| Task instructions |
Omit all pictures and transcribe only the lines in the entries below that run from the line with "2015 NISSAN ROGUE" through the line with "Monster High Creepover".

Segment Start: Input

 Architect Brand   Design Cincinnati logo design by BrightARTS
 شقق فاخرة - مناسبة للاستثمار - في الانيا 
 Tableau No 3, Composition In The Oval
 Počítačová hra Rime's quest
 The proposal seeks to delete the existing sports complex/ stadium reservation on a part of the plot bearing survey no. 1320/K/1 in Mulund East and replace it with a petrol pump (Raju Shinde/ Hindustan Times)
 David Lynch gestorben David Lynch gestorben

Segment End: Input
Segment Start: Input

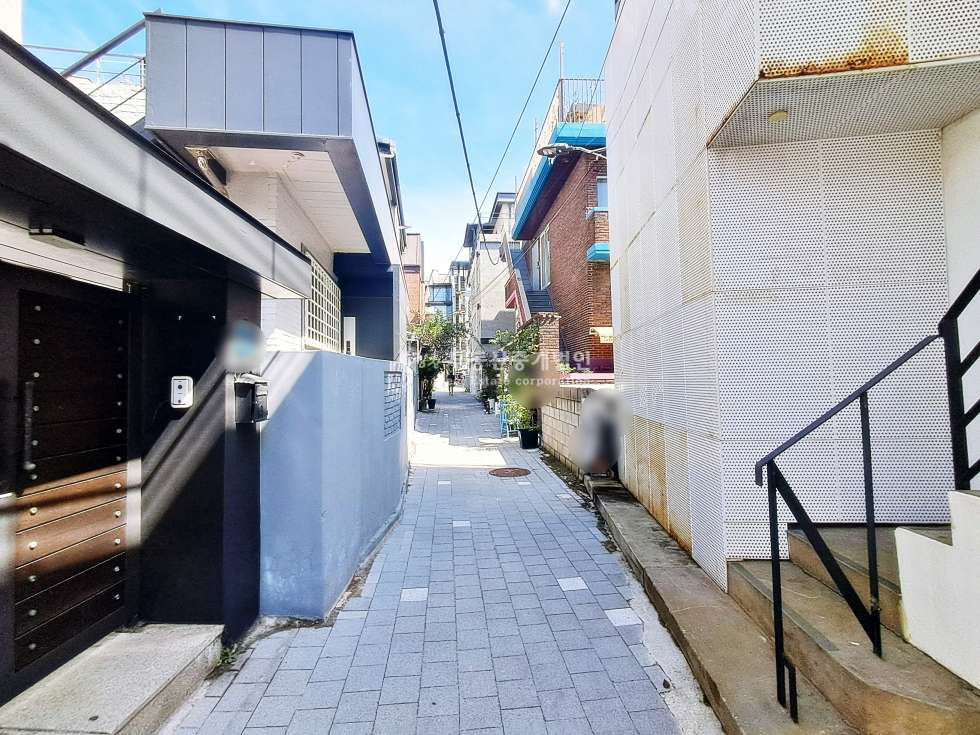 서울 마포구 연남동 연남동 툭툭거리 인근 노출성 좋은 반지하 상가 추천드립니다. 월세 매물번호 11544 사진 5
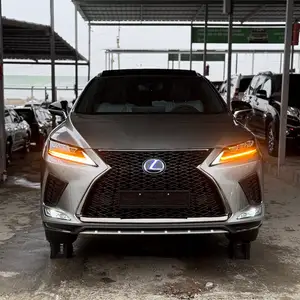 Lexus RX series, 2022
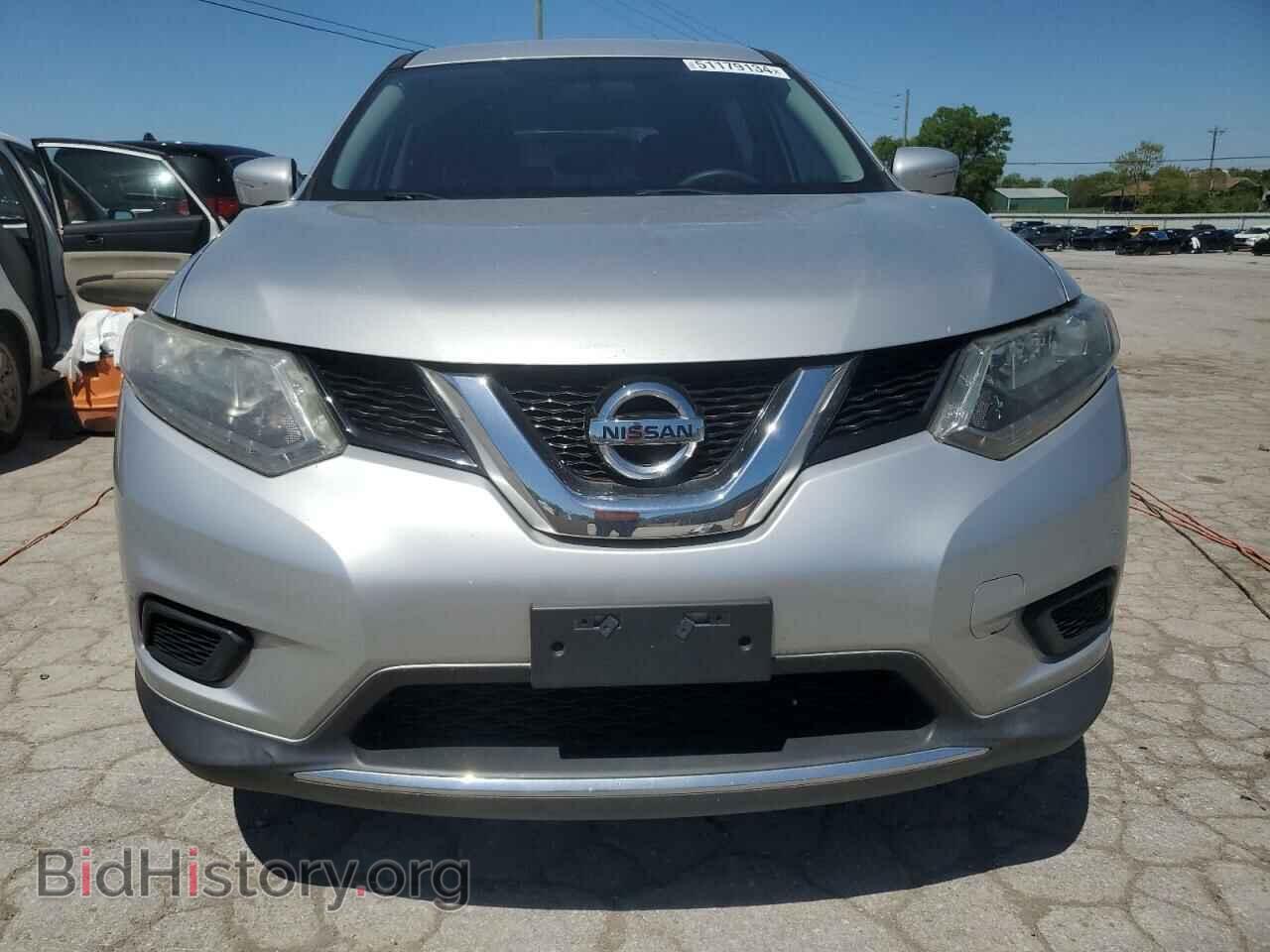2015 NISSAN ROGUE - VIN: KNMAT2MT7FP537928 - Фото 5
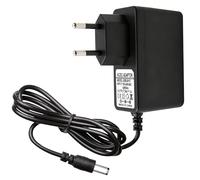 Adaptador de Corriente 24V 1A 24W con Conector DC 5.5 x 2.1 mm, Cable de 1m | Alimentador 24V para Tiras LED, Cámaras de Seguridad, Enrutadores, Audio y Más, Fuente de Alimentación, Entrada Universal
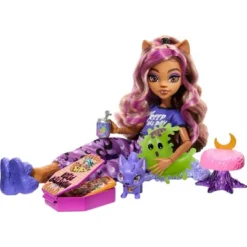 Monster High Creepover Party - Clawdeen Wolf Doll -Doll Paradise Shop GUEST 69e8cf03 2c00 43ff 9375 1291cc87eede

Segment End: Input

| Written answer |
2015 NISSAN ROGUE - VIN: KNMAT2MT7FP537928 - Фото 5
 Adaptador de Corriente 24V 1A 24W con Conector DC 5.5 x 2.1 mm, Cable de 1m | Alimentador 24V para Tiras LED, Cámaras de Seguridad, Enrutadores, Audio y Más, Fuente de Alimentación, Entrada Universal
 Monster High Creepover Party - Clawdeen Wolf Doll -Doll Paradise Shop GUEST 69e8cf03 2c00 43ff 9375 1291cc87eede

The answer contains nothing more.